--- Input material Enclosed Below ---

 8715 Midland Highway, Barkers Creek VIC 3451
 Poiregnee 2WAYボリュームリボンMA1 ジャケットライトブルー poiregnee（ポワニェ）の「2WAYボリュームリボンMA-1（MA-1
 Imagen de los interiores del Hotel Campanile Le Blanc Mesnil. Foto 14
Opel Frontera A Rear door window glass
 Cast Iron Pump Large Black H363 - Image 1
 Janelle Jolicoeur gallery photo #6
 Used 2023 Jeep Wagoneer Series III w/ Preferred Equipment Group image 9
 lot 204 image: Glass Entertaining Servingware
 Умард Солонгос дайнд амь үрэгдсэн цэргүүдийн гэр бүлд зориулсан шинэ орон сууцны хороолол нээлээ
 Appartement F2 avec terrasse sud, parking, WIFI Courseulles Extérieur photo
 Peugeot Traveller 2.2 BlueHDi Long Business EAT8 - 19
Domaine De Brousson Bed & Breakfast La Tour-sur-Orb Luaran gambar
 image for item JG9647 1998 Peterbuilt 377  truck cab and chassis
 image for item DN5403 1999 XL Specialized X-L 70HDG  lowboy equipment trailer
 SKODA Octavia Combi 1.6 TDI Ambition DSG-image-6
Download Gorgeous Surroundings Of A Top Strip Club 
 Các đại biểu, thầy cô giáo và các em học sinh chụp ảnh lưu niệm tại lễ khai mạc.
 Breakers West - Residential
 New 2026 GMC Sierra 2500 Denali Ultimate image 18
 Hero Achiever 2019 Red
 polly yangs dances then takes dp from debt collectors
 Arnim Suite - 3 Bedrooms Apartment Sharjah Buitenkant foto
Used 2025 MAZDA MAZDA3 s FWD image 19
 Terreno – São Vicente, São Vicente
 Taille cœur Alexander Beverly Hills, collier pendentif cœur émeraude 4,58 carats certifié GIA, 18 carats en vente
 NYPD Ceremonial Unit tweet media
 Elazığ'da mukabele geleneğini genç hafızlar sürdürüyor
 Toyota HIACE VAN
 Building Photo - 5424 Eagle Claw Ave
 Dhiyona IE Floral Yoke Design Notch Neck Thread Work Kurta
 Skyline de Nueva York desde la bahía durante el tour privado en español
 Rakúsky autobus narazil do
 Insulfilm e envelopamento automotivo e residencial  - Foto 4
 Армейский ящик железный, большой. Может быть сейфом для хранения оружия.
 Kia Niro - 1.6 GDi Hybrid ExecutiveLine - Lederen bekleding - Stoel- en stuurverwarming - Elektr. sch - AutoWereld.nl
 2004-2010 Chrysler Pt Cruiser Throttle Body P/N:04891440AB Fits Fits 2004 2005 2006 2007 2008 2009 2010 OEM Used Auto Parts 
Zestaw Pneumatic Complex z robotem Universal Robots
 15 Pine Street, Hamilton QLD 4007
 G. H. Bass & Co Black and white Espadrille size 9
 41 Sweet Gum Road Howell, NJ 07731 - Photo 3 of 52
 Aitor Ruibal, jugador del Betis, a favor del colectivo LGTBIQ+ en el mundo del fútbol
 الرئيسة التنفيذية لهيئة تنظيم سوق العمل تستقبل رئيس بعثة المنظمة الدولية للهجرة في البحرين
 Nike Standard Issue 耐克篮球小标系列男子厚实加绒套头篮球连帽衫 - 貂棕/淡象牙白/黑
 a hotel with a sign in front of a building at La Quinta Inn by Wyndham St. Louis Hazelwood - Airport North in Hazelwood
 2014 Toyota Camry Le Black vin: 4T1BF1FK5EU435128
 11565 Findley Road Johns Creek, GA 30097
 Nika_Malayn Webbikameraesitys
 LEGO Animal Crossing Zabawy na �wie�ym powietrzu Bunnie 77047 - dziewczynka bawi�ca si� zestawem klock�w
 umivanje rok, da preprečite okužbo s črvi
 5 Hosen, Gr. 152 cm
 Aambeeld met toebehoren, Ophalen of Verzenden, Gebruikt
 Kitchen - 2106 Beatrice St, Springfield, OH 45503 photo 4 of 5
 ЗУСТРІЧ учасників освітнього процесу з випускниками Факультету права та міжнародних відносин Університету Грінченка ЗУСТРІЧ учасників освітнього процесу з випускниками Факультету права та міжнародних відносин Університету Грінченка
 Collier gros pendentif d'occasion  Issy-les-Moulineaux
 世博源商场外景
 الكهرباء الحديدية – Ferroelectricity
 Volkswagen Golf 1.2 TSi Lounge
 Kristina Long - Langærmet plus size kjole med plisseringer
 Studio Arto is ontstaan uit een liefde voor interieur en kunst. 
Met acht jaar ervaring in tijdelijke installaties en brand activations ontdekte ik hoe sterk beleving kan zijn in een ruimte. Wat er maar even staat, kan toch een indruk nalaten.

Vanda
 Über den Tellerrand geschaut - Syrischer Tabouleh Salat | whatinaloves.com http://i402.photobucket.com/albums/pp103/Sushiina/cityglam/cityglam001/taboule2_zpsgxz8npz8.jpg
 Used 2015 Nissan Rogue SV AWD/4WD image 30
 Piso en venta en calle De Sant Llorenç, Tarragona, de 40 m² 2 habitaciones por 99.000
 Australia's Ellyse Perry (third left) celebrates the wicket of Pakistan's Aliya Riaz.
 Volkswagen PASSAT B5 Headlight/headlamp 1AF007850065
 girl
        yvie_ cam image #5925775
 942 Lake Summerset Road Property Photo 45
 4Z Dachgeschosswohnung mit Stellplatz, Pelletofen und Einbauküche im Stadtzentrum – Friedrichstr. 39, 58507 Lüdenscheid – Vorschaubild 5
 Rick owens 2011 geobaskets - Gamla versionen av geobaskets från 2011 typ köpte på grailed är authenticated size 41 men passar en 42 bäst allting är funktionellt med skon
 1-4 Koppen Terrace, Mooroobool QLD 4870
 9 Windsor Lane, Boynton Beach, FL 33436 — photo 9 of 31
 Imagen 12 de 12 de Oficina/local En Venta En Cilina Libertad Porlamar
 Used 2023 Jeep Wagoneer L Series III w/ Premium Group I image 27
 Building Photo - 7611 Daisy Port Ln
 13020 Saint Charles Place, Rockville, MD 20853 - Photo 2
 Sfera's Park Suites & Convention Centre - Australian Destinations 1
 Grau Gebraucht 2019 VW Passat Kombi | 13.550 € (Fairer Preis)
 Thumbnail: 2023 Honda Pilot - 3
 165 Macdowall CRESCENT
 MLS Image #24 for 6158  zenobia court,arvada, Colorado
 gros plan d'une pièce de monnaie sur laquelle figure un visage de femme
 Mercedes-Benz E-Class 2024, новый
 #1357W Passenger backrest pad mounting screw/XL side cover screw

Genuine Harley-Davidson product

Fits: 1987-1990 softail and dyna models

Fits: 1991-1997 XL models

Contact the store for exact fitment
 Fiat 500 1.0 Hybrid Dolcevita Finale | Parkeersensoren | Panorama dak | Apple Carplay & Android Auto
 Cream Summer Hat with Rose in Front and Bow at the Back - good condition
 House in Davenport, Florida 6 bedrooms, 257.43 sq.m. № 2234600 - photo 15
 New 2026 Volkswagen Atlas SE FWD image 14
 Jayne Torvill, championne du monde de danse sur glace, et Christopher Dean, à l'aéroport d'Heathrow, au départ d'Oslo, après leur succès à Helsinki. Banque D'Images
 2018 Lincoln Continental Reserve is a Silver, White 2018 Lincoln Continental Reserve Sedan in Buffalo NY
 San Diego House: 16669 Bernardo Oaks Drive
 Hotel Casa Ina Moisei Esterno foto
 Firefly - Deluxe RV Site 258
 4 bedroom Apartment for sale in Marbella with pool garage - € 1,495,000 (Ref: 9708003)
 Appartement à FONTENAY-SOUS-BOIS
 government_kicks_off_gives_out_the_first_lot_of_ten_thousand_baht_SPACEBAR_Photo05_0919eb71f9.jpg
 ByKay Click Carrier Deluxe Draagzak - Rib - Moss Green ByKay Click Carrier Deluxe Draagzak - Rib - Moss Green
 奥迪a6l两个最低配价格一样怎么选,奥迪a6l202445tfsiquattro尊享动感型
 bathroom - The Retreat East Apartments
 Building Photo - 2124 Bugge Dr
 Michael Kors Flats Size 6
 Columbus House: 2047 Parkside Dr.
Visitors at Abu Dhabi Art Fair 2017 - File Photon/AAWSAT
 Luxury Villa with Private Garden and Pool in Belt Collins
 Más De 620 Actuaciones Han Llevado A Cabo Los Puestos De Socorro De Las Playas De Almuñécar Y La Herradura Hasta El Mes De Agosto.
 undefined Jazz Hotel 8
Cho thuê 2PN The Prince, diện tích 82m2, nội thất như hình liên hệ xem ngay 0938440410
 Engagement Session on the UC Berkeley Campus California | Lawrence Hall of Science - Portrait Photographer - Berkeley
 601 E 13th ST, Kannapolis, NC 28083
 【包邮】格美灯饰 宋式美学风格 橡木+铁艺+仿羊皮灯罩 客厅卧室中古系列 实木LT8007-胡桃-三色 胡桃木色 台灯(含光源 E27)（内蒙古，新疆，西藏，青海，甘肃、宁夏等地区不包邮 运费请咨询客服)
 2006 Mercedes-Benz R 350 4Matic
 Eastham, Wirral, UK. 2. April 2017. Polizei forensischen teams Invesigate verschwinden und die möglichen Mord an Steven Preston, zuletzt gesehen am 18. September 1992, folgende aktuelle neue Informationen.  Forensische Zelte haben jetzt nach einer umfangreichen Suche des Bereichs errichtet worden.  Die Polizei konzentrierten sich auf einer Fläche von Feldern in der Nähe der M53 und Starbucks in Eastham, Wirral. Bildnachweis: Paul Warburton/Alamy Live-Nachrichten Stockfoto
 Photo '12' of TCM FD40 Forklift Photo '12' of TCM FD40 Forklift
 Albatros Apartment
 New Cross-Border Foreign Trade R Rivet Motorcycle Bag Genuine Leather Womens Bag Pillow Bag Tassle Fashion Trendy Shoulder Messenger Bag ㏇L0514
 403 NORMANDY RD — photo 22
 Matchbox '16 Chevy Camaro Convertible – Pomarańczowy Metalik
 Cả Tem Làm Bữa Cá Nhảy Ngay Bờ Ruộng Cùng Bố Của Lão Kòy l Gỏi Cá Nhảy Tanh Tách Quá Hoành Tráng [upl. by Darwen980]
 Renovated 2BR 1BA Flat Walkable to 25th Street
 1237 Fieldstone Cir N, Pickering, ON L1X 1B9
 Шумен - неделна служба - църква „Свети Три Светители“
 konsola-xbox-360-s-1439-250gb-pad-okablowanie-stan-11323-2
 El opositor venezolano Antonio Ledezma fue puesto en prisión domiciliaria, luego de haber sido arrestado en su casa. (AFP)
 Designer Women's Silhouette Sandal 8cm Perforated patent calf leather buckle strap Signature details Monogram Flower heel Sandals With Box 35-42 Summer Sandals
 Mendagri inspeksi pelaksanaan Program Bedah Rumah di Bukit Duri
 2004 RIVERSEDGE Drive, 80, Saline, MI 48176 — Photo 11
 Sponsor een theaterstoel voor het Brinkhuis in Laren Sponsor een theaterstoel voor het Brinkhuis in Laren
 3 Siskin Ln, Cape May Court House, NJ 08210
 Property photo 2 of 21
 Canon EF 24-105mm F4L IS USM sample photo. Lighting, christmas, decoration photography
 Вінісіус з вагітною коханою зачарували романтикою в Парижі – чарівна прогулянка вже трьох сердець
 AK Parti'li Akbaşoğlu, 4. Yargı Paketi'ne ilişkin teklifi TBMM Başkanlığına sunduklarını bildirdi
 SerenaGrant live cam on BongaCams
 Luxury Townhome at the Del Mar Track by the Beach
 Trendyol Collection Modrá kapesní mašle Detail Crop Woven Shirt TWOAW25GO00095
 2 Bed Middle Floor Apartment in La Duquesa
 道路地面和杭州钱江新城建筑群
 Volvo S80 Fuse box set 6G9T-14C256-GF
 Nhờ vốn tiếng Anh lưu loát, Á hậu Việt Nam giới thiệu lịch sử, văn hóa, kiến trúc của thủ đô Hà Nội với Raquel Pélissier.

--- End of Enclosed Input material ---

Task description
Print again the lines of the entries above that fall between the line holding "Albatros Apartment" and the line holding "2004 RIVERSEDGE Drive, 80, Saline, MI", inclusive, exactly as they stand.

Exercise result
 Albatros Apartment
 New Cross-Border Foreign Trade R Rivet Motorcycle Bag Genuine Leather Womens Bag Pillow Bag Tassle Fashion Trendy Shoulder Messenger Bag ㏇L0514
 403 NORMANDY RD — photo 22
 Matchbox '16 Chevy Camaro Convertible – Pomarańczowy Metalik
 Cả Tem Làm Bữa Cá Nhảy Ngay Bờ Ruộng Cùng Bố Của Lão Kòy l Gỏi Cá Nhảy Tanh Tách Quá Hoành Tráng [upl. by Darwen980]
 Renovated 2BR 1BA Flat Walkable to 25th Street
 1237 Fieldstone Cir N, Pickering, ON L1X 1B9
 Шумен - неделна служба - църква „Свети Три Светители“
 konsola-xbox-360-s-1439-250gb-pad-okablowanie-stan-11323-2
 El opositor venezolano Antonio Ledezma fue puesto en prisión domiciliaria, luego de haber sido arrestado en su casa. (AFP)
 Designer Women's Silhouette Sandal 8cm Perforated patent calf leather buckle strap Signature details Monogram Flower heel Sandals With Box 35-42 Summer Sandals
 Mendagri inspeksi pelaksanaan Program Bedah Rumah di Bukit Duri
 2004 RIVERSEDGE Drive, 80, Saline, MI 48176 — Photo 11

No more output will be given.